Menurut Prasetyo, serangkaian kasus korupsi ini terjadi meskipun Presiden Prabowo Subianto telah berulang kali memberikan peringatan keras kepada seluruh jajarannya. Presiden, melalui berbagai kesempatan, tanpa lelah menekankan pentingnya menjauhi praktik rasuah dalam menjalankan tugas sehari-hari. Politikus Partai Gerindra ini menambahkan bahwa pesan integritas dari Kepala Negara selalu menjadi prioritas utama.
Pemerintah menegaskan komitmennya untuk menghormati setiap proses hukum yang sedang berjalan. Prasetyo Hadi juga berharap agar penetapan tersangka dan penahanan para pejabat tersebut tidak sampai mengganggu kelancaran layanan publik yang menjadi hak masyarakat. Langkah hukum selanjutnya terkait status jabatan para terduga pelaku akan segera ditindaklanjuti sesuai dengan peraturan perundang-undangan yang berlaku, demi menjaga tata kelola pemerintahan yang baik.
Salah satu kasus yang mencuat adalah penetapan Dadan Hindayana sebagai tersangka oleh Kejaksaan Agung. Mantan Kepala Badan Gizi Nasional ini tersandung dugaan kasus korupsi di lingkungan BGN pada Rabu, 3 Juni 2026. Sehari sebelum penangkapannya, Dadan telah dicopot dari jabatannya bersama dua pimpinan BGN lainnya, yakni mantan Wakil Kepala BGN Inspektur Jenderal (Purn) Sony Sanjaya dan Letnan Jenderal TNI (Purn) Lodewyk Pusung. Kini, Kejaksaan Agung telah menetapkan ketiganya sebagai tersangka dalam kasus serupa. Posisi Kepala BGN yang ditinggalkan Dadan kini dijabat oleh Nanik Sudaryati Deyang, yang sebelumnya menjabat sebagai wakil kepala.

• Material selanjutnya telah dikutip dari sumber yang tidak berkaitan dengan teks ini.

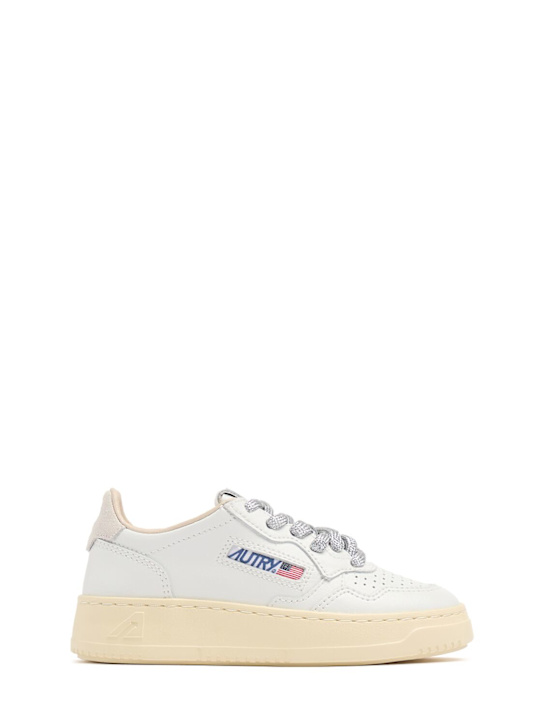 Autry - Medalist low leather lace-up sneakers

Sementara itu, Komisi Pemberantasan Korupsi (KPK) pada Kamis, 4 Juni 2026, menetapkan Wakil Menteri Imigrasi dan Pemasyarakatan, Silmy Karim, sebagai tersangka dugaan korupsi di lingkungan Direktorat Jenderal Imigrasi. Silmy diduga kuat terlibat dalam praktik rasuah terkait pengurusan izin tinggal warga negara asing. Penyelidikan KPK mengindikasikan bahwa kasus ini terjadi saat Silmy Karim menjabat sebagai Direktur Jenderal Imigrasi antara tahun 2023 hingga 2024.
Rangkaian peristiwa ini sekali lagi menegaskan pentingnya pengawasan ketat dan penegakan hukum yang tanpa pandang bulu terhadap setiap pejabat negara. Korupsi merupakan musuh bersama yang terus mengancam integritas dan kepercayaan publik terhadap institusi pemerintah, sehingga upaya pemberantasannya harus terus diperkuat secara berkelanjutan.